━━ Data supplied ━━

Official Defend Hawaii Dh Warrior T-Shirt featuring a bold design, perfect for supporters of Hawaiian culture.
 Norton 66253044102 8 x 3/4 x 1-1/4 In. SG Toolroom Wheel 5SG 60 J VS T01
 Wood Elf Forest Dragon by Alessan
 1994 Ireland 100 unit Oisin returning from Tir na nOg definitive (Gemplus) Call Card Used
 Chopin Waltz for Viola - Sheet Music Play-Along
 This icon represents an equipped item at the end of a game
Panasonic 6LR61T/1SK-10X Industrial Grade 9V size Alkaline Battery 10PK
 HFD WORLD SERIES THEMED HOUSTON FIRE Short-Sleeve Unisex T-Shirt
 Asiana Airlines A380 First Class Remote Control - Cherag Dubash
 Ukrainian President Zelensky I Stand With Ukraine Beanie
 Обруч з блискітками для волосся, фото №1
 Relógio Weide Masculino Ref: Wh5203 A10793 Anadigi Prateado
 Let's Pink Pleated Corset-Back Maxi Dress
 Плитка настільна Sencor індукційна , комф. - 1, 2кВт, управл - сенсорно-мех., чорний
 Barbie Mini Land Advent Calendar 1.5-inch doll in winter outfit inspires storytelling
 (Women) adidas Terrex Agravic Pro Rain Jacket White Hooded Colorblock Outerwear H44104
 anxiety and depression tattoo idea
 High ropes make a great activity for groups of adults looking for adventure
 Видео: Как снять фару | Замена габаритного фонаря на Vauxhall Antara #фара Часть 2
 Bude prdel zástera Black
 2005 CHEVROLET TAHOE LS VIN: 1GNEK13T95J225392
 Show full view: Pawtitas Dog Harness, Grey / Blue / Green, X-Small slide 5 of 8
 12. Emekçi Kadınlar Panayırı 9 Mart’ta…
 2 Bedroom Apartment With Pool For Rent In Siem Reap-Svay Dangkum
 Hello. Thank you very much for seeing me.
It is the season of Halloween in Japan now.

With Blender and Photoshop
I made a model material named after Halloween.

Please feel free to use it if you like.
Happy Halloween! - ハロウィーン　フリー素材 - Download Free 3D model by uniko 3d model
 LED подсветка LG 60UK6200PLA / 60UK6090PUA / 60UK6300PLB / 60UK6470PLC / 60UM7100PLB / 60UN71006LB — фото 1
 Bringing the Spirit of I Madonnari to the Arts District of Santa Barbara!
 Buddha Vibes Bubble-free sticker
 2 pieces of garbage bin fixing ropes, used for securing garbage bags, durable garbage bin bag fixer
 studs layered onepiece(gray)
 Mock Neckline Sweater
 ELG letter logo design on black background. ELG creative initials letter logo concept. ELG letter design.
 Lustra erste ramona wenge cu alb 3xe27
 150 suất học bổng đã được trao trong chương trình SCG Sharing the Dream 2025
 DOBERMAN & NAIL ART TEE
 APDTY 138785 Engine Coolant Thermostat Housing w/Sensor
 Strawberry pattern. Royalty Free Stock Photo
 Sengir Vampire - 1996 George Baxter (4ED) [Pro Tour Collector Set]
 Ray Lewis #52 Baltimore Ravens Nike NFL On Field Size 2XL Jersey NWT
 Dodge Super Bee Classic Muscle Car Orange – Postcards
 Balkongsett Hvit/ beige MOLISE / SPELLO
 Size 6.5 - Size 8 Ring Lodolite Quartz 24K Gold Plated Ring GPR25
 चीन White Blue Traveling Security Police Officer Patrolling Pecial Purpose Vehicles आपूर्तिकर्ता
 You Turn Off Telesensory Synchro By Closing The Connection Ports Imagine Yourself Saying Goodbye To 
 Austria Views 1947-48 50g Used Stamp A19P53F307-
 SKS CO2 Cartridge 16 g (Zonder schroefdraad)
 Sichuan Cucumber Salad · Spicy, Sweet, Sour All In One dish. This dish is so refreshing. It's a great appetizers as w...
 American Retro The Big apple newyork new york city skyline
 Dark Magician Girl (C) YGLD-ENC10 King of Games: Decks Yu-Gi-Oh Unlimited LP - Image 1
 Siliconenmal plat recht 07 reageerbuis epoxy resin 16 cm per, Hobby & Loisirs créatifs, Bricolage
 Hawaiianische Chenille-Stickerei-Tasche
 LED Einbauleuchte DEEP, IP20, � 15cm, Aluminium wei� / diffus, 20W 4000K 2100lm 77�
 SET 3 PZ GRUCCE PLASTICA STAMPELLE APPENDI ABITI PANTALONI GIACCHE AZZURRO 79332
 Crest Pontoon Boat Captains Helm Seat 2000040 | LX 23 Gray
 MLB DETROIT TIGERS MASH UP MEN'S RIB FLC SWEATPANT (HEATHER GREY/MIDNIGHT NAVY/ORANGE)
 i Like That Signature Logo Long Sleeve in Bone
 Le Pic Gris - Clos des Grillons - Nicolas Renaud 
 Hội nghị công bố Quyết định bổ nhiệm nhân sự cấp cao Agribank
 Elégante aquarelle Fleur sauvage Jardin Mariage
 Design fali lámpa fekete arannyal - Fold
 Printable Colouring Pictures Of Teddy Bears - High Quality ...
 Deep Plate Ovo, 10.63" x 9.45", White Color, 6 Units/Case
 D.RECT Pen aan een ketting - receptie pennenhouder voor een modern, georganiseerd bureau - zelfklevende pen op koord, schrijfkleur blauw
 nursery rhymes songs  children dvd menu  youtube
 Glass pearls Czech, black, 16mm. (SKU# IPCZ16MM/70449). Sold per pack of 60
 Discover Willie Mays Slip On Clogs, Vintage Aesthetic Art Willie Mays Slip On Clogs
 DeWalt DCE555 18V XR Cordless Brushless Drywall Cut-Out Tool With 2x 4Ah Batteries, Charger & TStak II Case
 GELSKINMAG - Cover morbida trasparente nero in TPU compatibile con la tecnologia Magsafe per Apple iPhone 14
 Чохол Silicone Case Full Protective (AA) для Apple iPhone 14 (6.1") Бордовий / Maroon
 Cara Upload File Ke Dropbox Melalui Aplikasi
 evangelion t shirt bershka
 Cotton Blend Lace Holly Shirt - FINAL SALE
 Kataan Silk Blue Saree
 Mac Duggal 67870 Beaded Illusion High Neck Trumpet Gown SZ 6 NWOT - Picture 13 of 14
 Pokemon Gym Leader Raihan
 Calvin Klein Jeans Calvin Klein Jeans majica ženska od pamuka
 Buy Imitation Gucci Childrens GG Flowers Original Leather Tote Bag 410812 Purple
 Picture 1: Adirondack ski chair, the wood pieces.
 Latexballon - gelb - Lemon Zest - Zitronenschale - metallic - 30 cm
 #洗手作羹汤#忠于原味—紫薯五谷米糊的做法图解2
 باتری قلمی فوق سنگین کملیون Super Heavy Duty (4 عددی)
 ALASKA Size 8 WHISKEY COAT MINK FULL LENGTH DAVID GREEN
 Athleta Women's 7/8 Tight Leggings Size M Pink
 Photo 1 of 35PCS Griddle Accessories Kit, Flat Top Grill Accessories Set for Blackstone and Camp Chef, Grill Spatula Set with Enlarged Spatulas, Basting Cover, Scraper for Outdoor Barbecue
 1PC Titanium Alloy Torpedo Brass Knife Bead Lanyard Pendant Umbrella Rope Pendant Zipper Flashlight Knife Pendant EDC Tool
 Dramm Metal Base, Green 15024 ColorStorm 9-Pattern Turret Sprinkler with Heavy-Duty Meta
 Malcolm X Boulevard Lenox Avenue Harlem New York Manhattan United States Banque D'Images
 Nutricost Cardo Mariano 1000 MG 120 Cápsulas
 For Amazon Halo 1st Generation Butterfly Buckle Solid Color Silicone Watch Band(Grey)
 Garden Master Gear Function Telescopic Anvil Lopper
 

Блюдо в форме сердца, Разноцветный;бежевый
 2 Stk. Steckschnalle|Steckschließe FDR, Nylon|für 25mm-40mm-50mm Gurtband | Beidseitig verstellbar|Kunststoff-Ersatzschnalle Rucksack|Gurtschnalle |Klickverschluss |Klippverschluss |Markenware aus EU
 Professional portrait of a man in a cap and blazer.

━━━

**Task requirements**
From the line holding "Siliconenmal plat recht" to the line holding "Elégante aquarelle Fleur", inclusive, restate each line above exactly as written.

**Your response**
 Siliconenmal plat recht 07 reageerbuis epoxy resin 16 cm per, Hobby & Loisirs créatifs, Bricolage
 Hawaiianische Chenille-Stickerei-Tasche
 LED Einbauleuchte DEEP, IP20, � 15cm, Aluminium wei� / diffus, 20W 4000K 2100lm 77�
 SET 3 PZ GRUCCE PLASTICA STAMPELLE APPENDI ABITI PANTALONI GIACCHE AZZURRO 79332
 Crest Pontoon Boat Captains Helm Seat 2000040 | LX 23 Gray
 MLB DETROIT TIGERS MASH UP MEN'S RIB FLC SWEATPANT (HEATHER GREY/MIDNIGHT NAVY/ORANGE)
 i Like That Signature Logo Long Sleeve in Bone
 Le Pic Gris - Clos des Grillons - Nicolas Renaud 
 Hội nghị công bố Quyết định bổ nhiệm nhân sự cấp cao Agribank
 Elégante aquarelle Fleur sauvage Jardin Mariage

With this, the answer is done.